I’ve posted this here in the beginner forums as what I’m doing here seems pretty basic but it just won’t work for me and I need some halp!
*Note: I’ve changed some of the numbers below to make them a little more anonymous, they all match perfectly in the config so where you see the same number it’s the same in the config with the right details.
My ISP has provisioned access to their 6to4 tunnel with the following details:
The IPv6 Tunnel Gateway is 2002:3A60:689::1
We have allocated your service IPv6 address : 2406:3400:000C:0123::/64
Your Tunnel IPv6 address : 2002:7346:4123::/128
With this configuration I can ping the Gateway (2002:3A60:689::1) from the tik and from the clients on bridge-lan who are all picking up their own IP in 2406:3400:000C:0123::/64 just fine. I cannot ping ipv6.google.com by IP from the tik, or from the clients.
I have firewall rules for input, output, and forward that simply accept all traffic while testing to eliminate that as a cause.

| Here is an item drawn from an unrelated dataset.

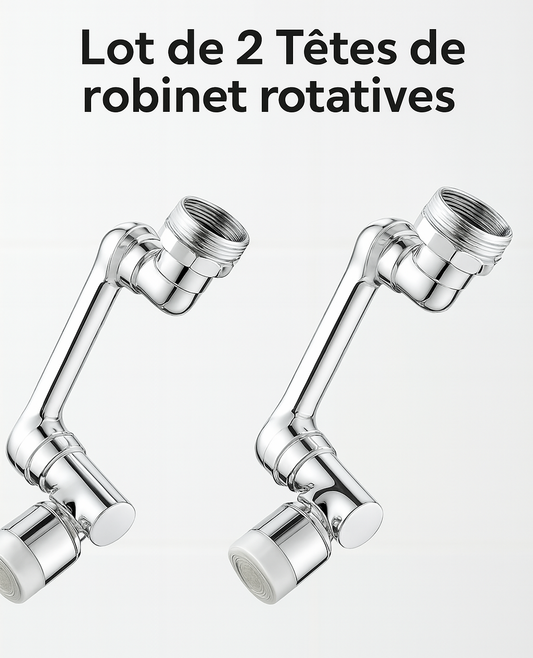 Lot de 2 FluxFlex — Tête de robinet rotative 1080°, 2 modes, anti-éclaboussures 💧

Here is a dump of the IPv6 route table:
# DST-ADDRESS GATEWAY DISTANCE
0 S ::/0 2002:3a60:689::1 1
1 A S 2002::/16 6to4-tunnel 1
2 ADC 2002:7346:4b6f::/128 6to4-tunnel 0
3 ADC 2406:3400:c:12::/64 bridge-lan 0
No matter what I do the default route is always marked unreachable.
First, I don’t think that RouterOS ever supported gateways in 2002:aabb:ccdd::1 format. They had to be entered using ::aa.bb.cc.dd%6to4interface format. But that’s now broken for almost a year (ok, up to 6.28 at least, I did not try newer ones yet, but I’m not an optimist).
The workaround for “pure 6to4” (everything using only 2002::/16) is to use two 6to4 interfaces, one for communication with other non-local 2002::/16 addresses and second for default gateway.
In your case, 2002::/16 is only for a link to ISP, so one tunnel is enough. Try this:
Yep. This was exactly it. Once the remote address was set on the tunnel actually it all worked perfectly so your reply was spot on.
The only issue I have now is the 6to4 drops to inactive when it’s not been used for a while and the only way to get ipv6 working again is to disable and re-enable that tunnel. Any suggestions there? Do I need some kind of keep alive setup or something else? My configuration right now is exactly the three lines you have written.
I don’t have a good explanation for that, 6to4 is stateless, there is no established connection to break or time out.
Recent RouterOS versions do have keepalive option for 6to4 interfaces, but I’m not sure what exactly it does. It’s obviously meant to detect dead peer, but if it’s supposed to work with other RouterOS devices only or with anything, no idea. I think there was some problem with it in lower 6.2x versions and it was taking the tunnels down. So make sure you have something newer.